“Before you see a fire ant or a scorpion that needs rescuing next,” he added.

She rolled her eyes this time as she jogged around the hood of the truck. She climbed in the seat and slid to the middle, whipped hand sanitizer out of her backpack and squirted out a puddle as he clipped on his belt and exhaled a chuckle, shaking his head. This was just like her. She was bolder, but she hadn’t changed at all. And seeing the return of that carefree smile instead of those guarded eyes she’d viewed him with when he’d first met her again was everything. How often did she genuinely smile these days? Not the fake smiles she’d forced for her friend Lydia or for Dr. Glasser in the ER?

“Remember that time you brought the armadillo into the shelter?” he teased.

She smacked his arm as he chuckled, groaned, and raised her eyes heavenward, tossing back her head as her hair swirled up into a tornado. She fought her hair under control. His arm stretched around her.

Her thigh brushed his as she wriggled to get comfortable, playing over his senses, as Keith Urban sang about young love, “…I was your first, and you were mine…”

She nestled into his grip like a hand reinserting itself into a beloved glove.

“I was so foolish sometimes, wasn’t I? I wanted to save everything.” She chuckled wryly.

Her body warm against his, he roared back onto the road, anxious to feel her reciprocate the touch. Already there was more ease between them. He’d been fantasizing about her in his truck since he’d sat there staring at her photo a couple days before.

“You weren’t foolish, babe. You actually gave a shit. Ain’t nothing to be ashamed of.” He hooked his elbow around her and pulled her head close, dusting a quick kiss upon it.
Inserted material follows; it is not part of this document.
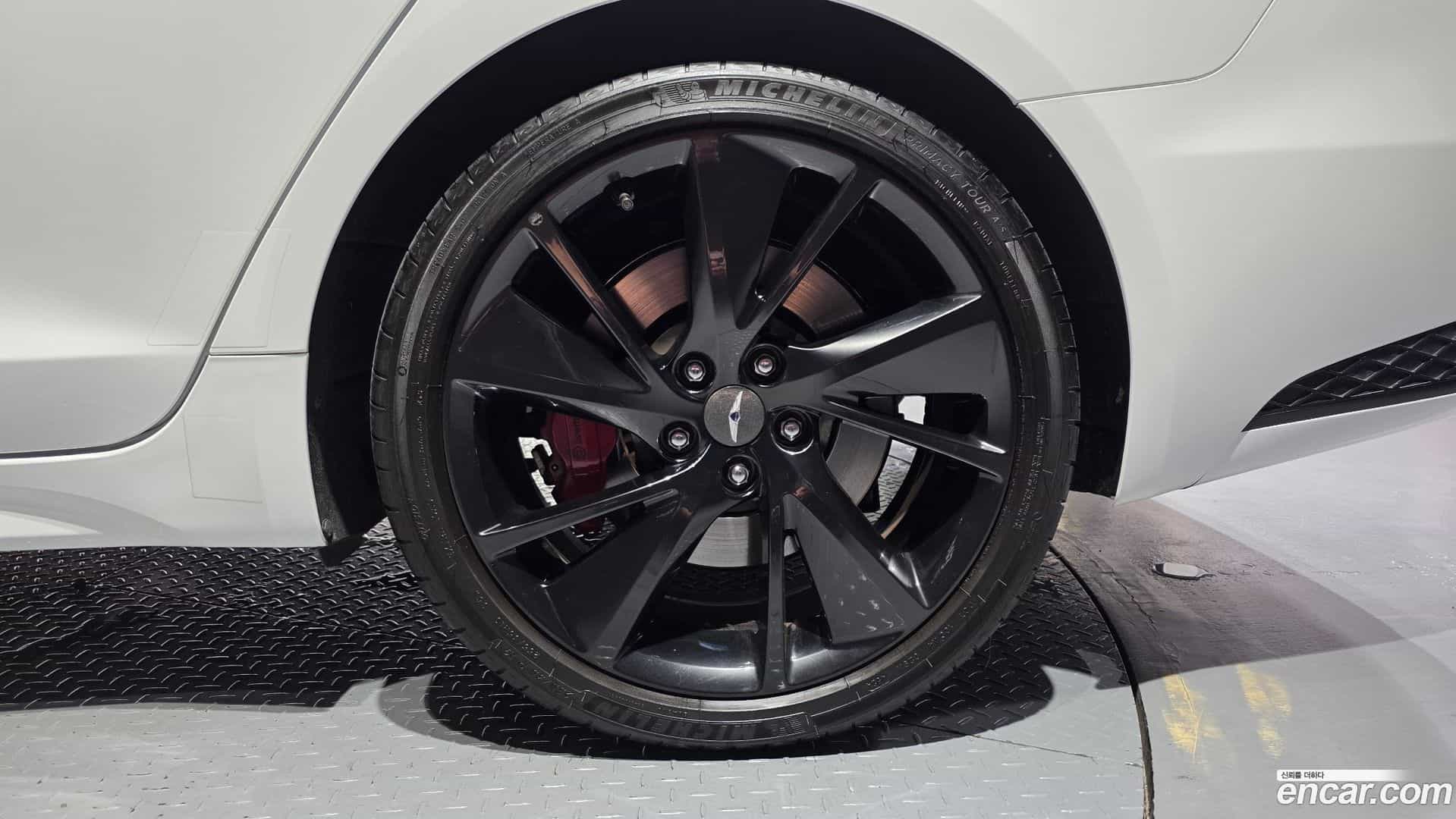 G70 Genesis 2021.11-OUTER-031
Her bare shoulder nestled into his armpit; her hand came to settle on his thigh like she’d always done. Naw, he couldn’t handle it there. It was going to make him hard, make him unable to watch the road. It all felt so normal, as if for this moment in time the past hadn’t happened, even though it had. He’d take it because reality would seep in soon enough like a leaky pipe, unnoticeable at first until the subflooring was ruined and the collateral damage was overwhelming. He’d have to change his prosthetic tonight, have to eventually meet her horses and check out her stable for Lopez and remember he couldn’t ride, eventually go back to his empty house with his bed on blocks and his lone camping chair and be reminded everywhere he looked of the trajectory his life had taken away from Sky. For now, he just wanted to bask in this.
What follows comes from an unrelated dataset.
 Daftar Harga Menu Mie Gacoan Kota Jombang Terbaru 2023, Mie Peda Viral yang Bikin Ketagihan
Yet as he turned onto the access road that carried them along the base of Sierra Blanca, his nerves were worked in a knot as her body, tight against his and her palm on his thigh, stoked his every dirty thought without even trying. Memories of those fingers teasing paths up and down the inside of his thigh wouldn’t abate, her slender fingers weighing his stones reverently, as if cupping tender fruits she found delectable. He wished to God she’d do it now. He cranked the steering wheel one handed so as not to extricate himself from their physical bond as he headed up the mountain road.
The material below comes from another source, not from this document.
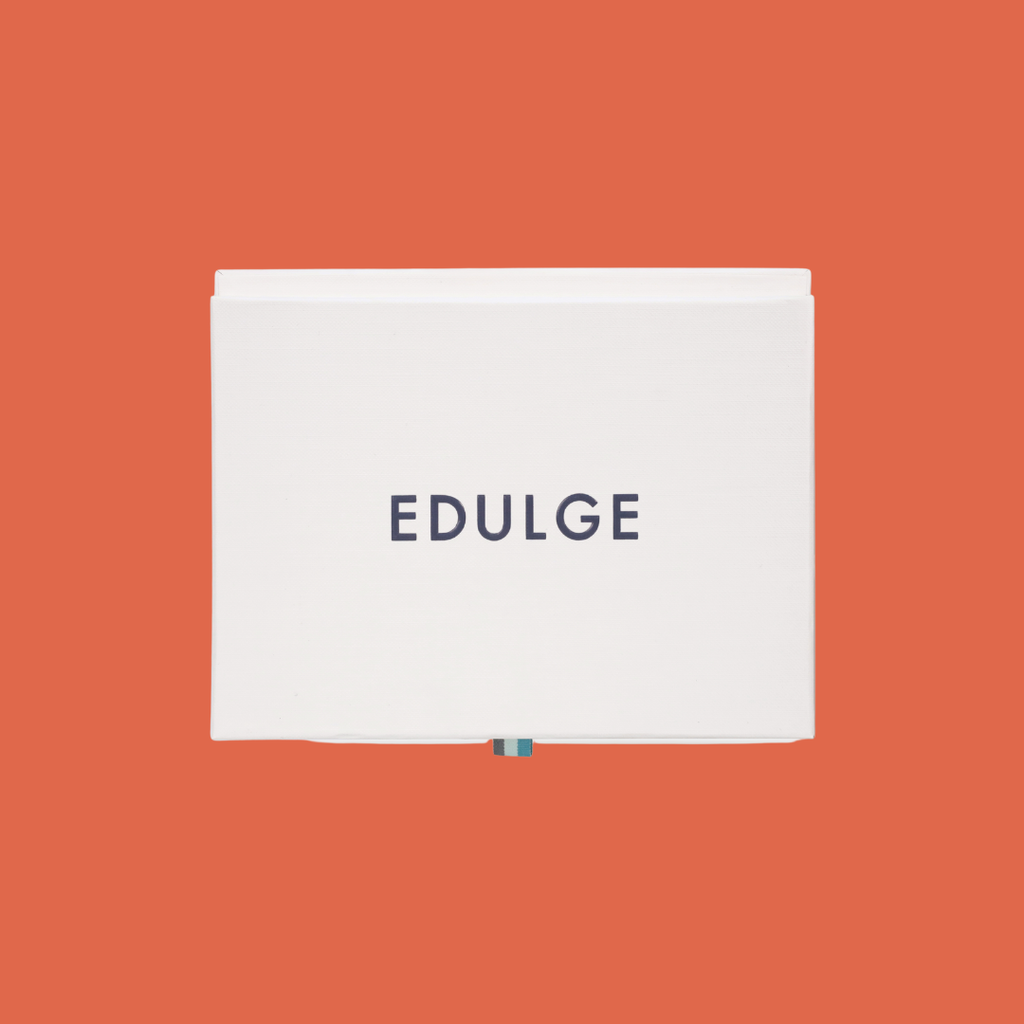 The For Him Viral Discovery set contains samples of Sospiro - Vibrato Eau de Parfum, Lorenzo Pazzaglia - Black Sea Extrait de Parfum, Al Ambra - Dubai Musk Extrait de Parfum, Claudio Zucca - Deep Water Extrait de Parfum, Jupilo - Exoticoud Extrait de Parfum and d'Annam - Tokyo Nights Eau de Parfum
“Are we going to the top of the mountain?” she asked, her eyes lighting up.

He grinned. “Yup. Got a cooler in the back with some drinks. Thought we could watch the sun go down like we used to do up on Casas Grandes.”

She tensed, the blessed ease between them cooling a degree. What was it? He glanced sidelong at her. Her smile had fallen, and she chewed her lip.

“What is it?”

Did she not want to come here? Had she hoped to go somewhere else? Somewhere nicer? She had worn a dress after he’d told her she didn’t need one. But the old Sky had lived for those drives up to the top of Cerros Casas Grandes, standing sentinel over the Legacy. It was where he’d danced her up after prom. Where he’d let her dusty pink dress that hugged her curves fall to the desert ground; where he’d seen her fully naked for the first time, not just bits and pieces of her as they fooled around; where he’d been naked for the first time in front of her, or any girl, for that matter; where he’d laid her out in the bed of this very truck and gave into four years of burgeoning, intensifying need.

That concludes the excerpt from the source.